(Stored items)

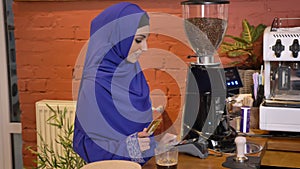 Young muslim woman in hijab making credit card payment, taking coffee and going away, smiling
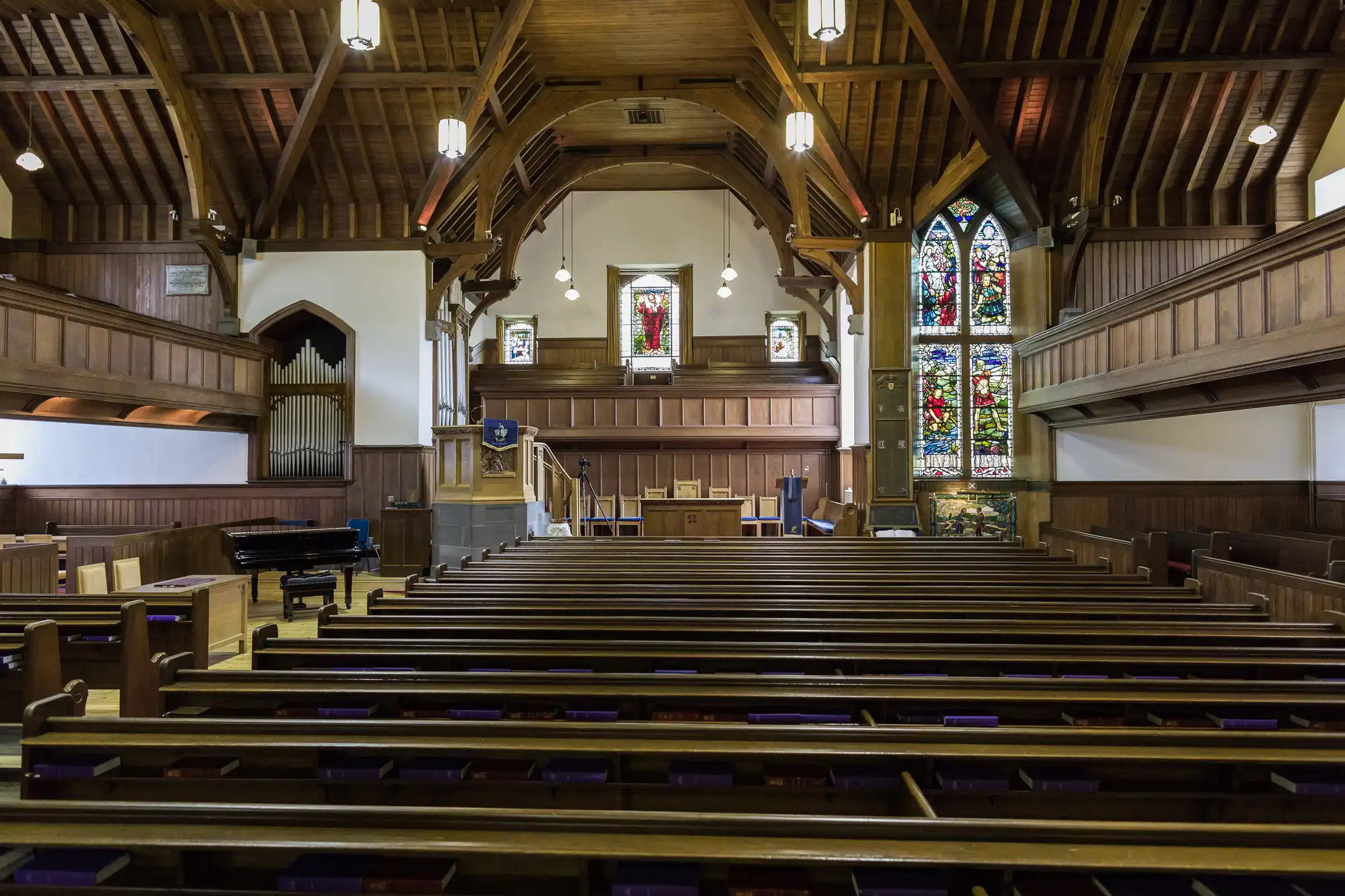 Interior view of an empty church with wooden pews, stained glass windows, and a raised altar area at the front.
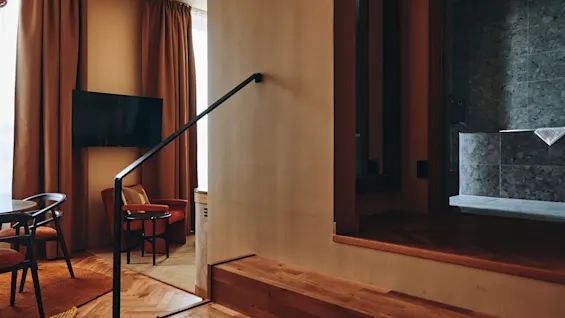 The Dock: Et moderne interiør med tretrapper som fører til et oppholdsrom og et bad, med varme farger og stilig innredning.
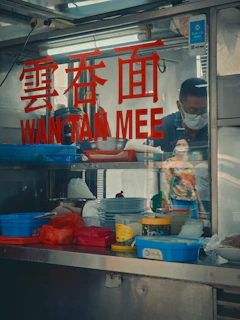 A man standing behind a counter filled with food
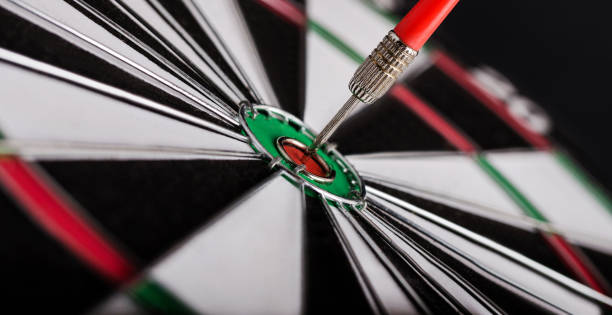 Red dart arrow on center of dartboard. Concept o business target, success and win. stock photo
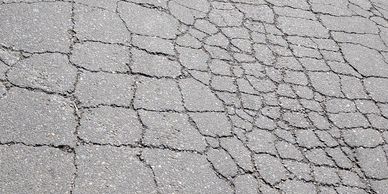 Parking lot with alligator cracking in need of asphalt crack repair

*WORK REQUIRED:* For every line above, produce an exact transcription that omits the images.

*SOLUTION TO THIS TASK:*
 Young muslim woman in hijab making credit card payment, taking coffee and going away, smiling
 Interior view of an empty church with wooden pews, stained glass windows, and a raised altar area at the front.
 The Dock: Et moderne interiør med tretrapper som fører til et oppholdsrom og et bad, med varme farger og stilig innredning.
 A man standing behind a counter filled with food
 Red dart arrow on center of dartboard. Concept o business target, success and win. stock photo
 Parking lot with alligator cracking in need of asphalt crack repair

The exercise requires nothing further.